Kora, która zmarła w minioną sobotę po pięciu latach heroicznej walki z nowotworem, zawsze przeciwstawiała się schematom i konwenansom. Wygląda na to, że do ostatnich chwil swojego życia pozostała wierna tym zasadom.
W opublikowanym we wtorek na profilu piosenkarki na Facebooku wpisie, jej mąż, Kamil Sipowicz, zdradził, że liderka Maanamu nie zdecydował się przyjąć ostatniego namaszczenia:
Moja żona do końca była wierna religii słońca, wiatru i kwiatów.

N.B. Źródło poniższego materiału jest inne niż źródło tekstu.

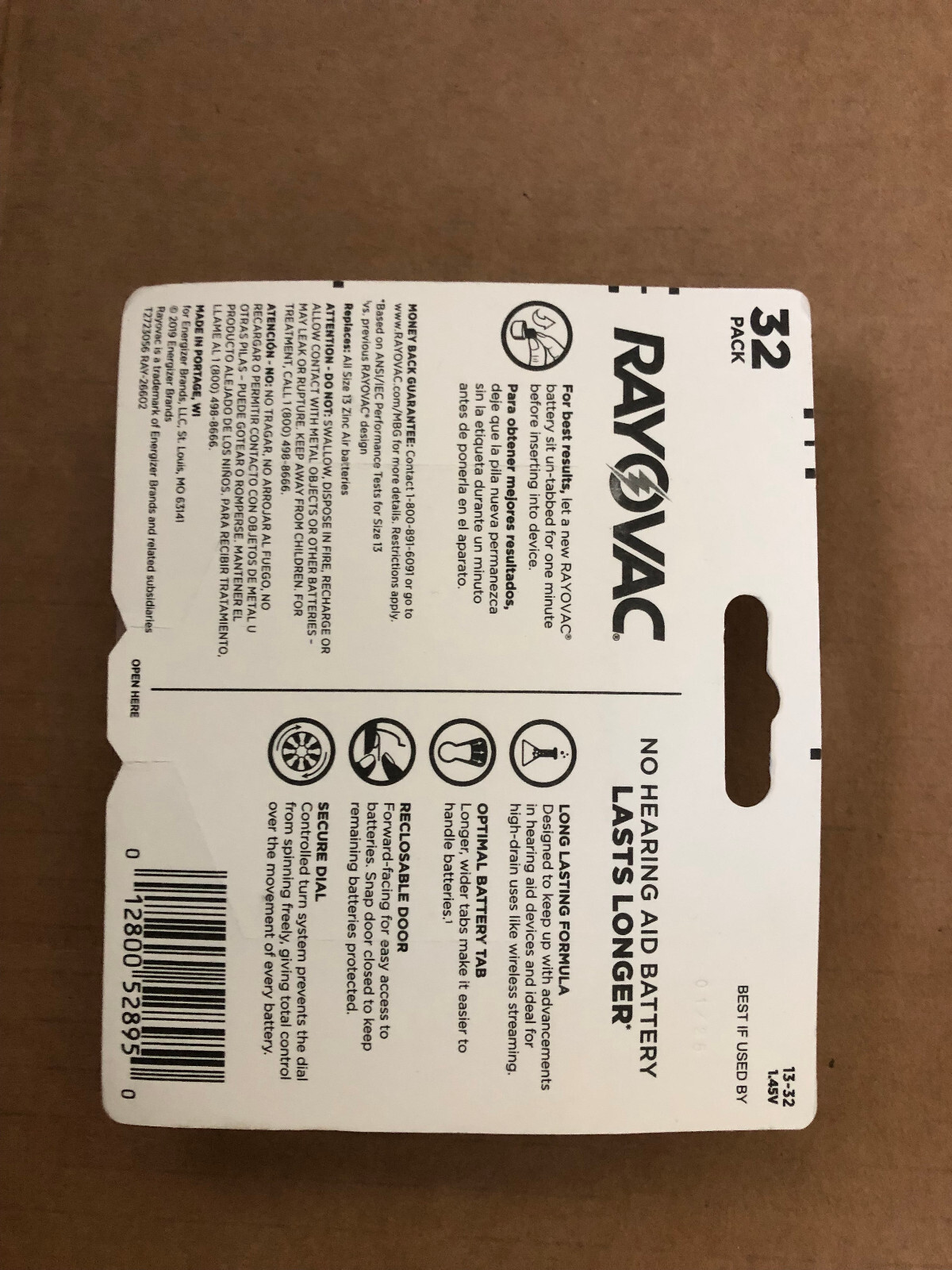 Hearing Aid Batteries, Size 13, 32 pk, Expires 01/2025 Rayovac, New in Package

Nie przyjęła ostatniego namaszczenia - napisał.
Sipowicz, który do tej pory nie komentował śmierci Jackowskiej, zdobył się też na podziękowanie licznej grupie lekarzy, opiekunów i przyjaciół, którzy wspierali piosenkarkę w tych najtrudniejszych momentach. Zdradził też, jak wyglądały ostatnie tygodnie życia Kory.
Kora przez ostatni miesiąc była w otoczeniu rodziny,przyjaciół oraz wspaniałej opiekunki Magdy Klorek w naszym domu w Bliżowie. Miesiąc temu wzięła ostatnią chemię w Szpitalu Jana Pawła 2 w Zamościu - napisał Kamil Sipowicz. Dziękujemy pani ordynator Teresie Sosnowskiej i wspaniałej ekipie medycznej ze szpitala. Serdecznie dziękujemy też zamoyskiemu hospicjum domowemu i odziałowi paliatywnemu w Zamościu. Dziękuję również Ani Pakule ze wsi Szewnia Dolna za pomoc.
Pogrzeb Kory odbędzie się w przyszłą środę, 8 sierpnia, na warszawskich Powązkach.